- Data block
- - -

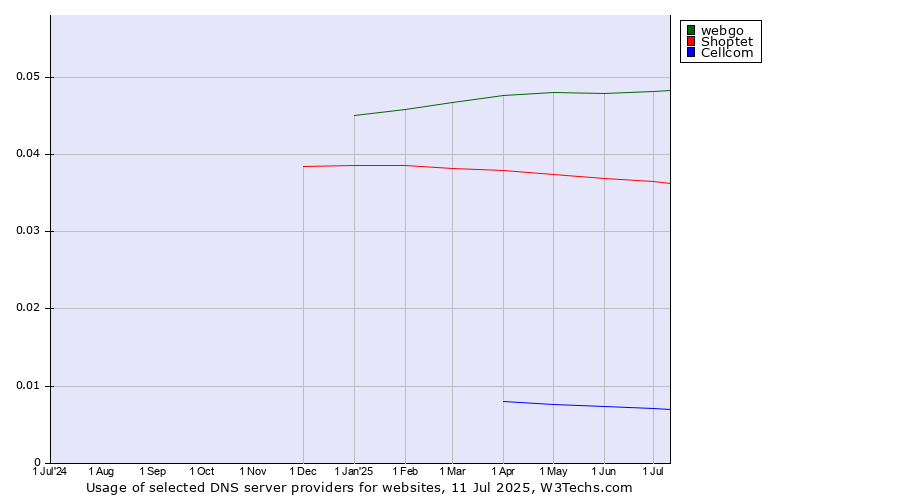 Historical trends in the usage of webgo vs. Shoptet vs. Cellcom
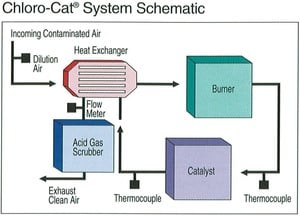 Chloro-Cat - Catalytic Oxidizer Remediation-Image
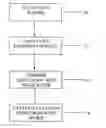 Fig. 01 - Paint washing apparatus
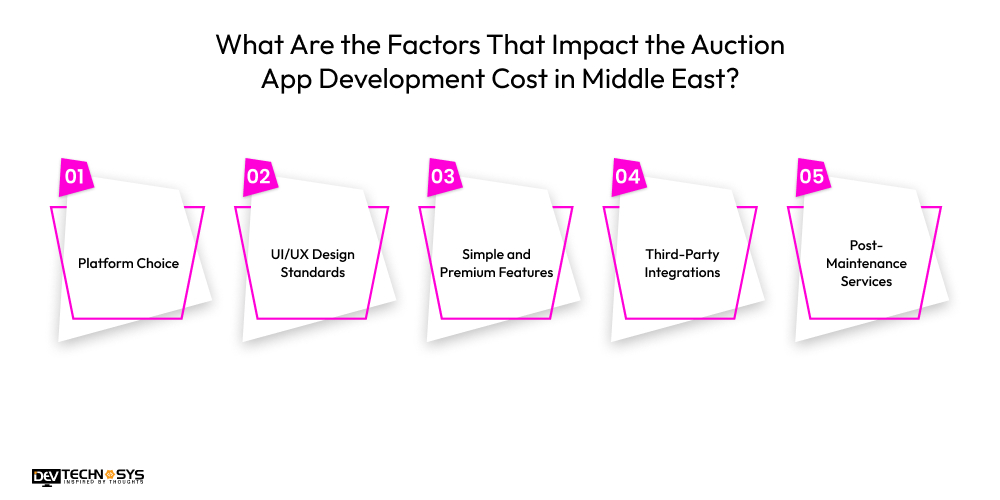 What Are the Factors That Impact the Auction App Development Cost in Middle East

- - -

Could you transcribe exactly the lines running from the one with "Fig. 01 - Paint washing apparatus" to the final line of the material above, both included, with no pictures?

 Fig. 01 - Paint washing apparatus
 What Are the Factors That Impact the Auction App Development Cost in Middle East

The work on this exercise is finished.